Während Nano im Ausland Anerkennung genießt, steht ihm beim Volk die Nagelprobe noch bevor. Berisha ist schließlich nicht über seinen autokratischen Stil oder den Wahlbetrug von 1996 gestürzt, sondern über den Zusammenbruch der „Pyramiden“, jener dubiosen Finanzgesellschaften, denen die Albaner Ersparnisse in Höhe von anderthalb Milliarden Dollar anvertraut haben. Und Nano hat die Wahlen nicht zuletzt mit seiner landesweit ausgestrahlten Rede in Vlorä, dem Zentrum des Aufstands, gewonnen. „Die Sozialistische Partei“, so versprach er dort dem Volk, „wird für die bei den Pyramiden verlorenen Ersparnisse der Bürger maximal aufkommen.“
Viele Kleinsparer haben dies so verstanden, daß sie hundert Prozent ihrer Ersparnisse zurückerhalten werden. In Kreisen der Sozialistischen Partei wird dieses „maximal“ als „weitestmöglich“ interpretiert. Und was möglich ist, will die neue Regierung nun untersuchen. Sie hat, wie von den internationalen Finanzinstitutionen gefordert, eine „Transparenzkommission“ eingerichtet, die unter Hinzuziehung ausländischer Experten (Kostenpunkt: 6 Millionen Dollar) die Pyramiden durchleuchten soll – allen voran die noch nicht zusammengebrochene Vefa- Holding des Multimilliardärs Vehbi Alimucaj, von der 60.000 Gläubiger ihre Ersparnisse zurückfordern.

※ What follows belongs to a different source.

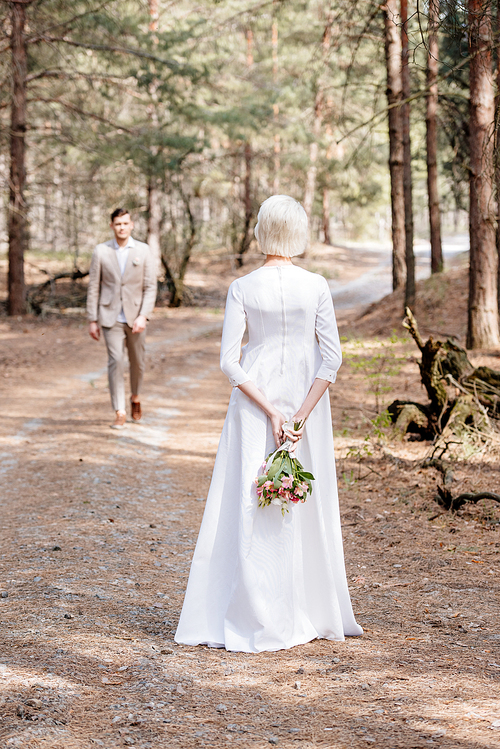 back view of bride with flowers and bridegroom in forest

„Wir werden mit der Vefa beginnen“, sagte Nano vor kurzem öffentlich. Doch Alimucaj will sich nicht in die Karten gucken lassen. „Wir können das Geld der Vefa selbst verwalten“, meinte er jüngst trocken und fügte hinzu: „Ich bin in Albanien geblieben und nicht abgehauen.“ Der Nachsatz hörte sich wie eine leise Drohung an: Ich kann ja auch die Mücke machen.

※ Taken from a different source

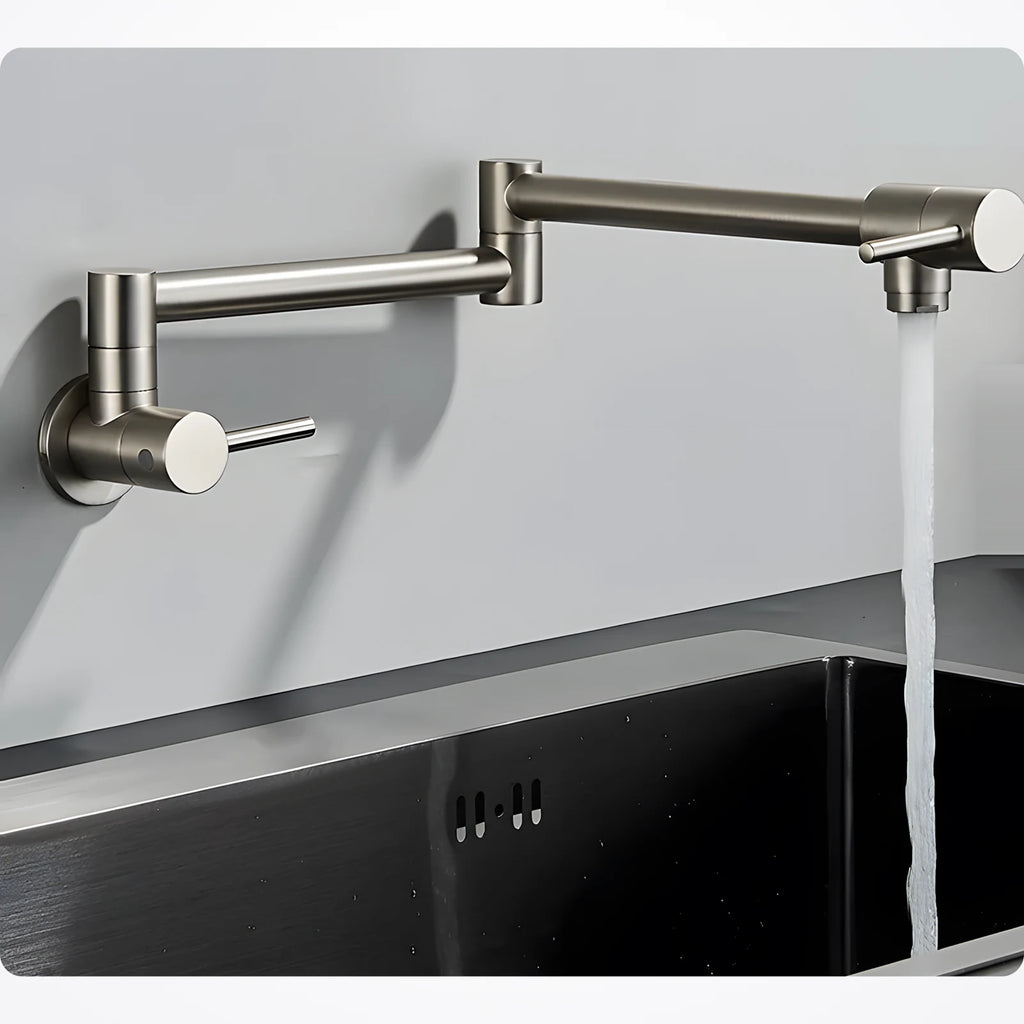 Robinet mural rabattable nickel brossé déplié au-dessus d'un évier en inox noir, jet d'eau froide ouvert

Die erste Runde hat der Milliardär, der sich die Lizenz für den Verkauf zahlreicher ausländischer Produkte gesichert hat, gewonnen. In erster Instanz entschied ein Gericht, daß die Transparenzkommission kein Recht habe, die Bücher der Vefa zu kontrollieren. Doch in zweiter Instanz wird dieses Urteil vermutlich aufgehoben. Denn daß die Vefa, anders als Alimucaj mit seinem Hinweis auf die Tätigkeiten seiner Holding glauben machen will, nach dem Pyramiden-System funktioniert hat, steht außer Frage. Die Durchleuchtung des Finanzriesen, der Berishas Partei oft großzügig unter die Arme gegriffen hat, könnte auch den Zusammenbruch einleiten. Die Enttäuschung der 60.000 Kleinsparer wäre groß. Neue Unruhen mag für diesen Fall niemand ausschließen. Doch Nano scheint bereit, dieses Risiko in Kauf zu nehmen. Die internationale Finanzwelt hat ihm ihre Konditionen klargemacht: Ruhe und Ordnung im Land und Schluß mit den Pyramiden.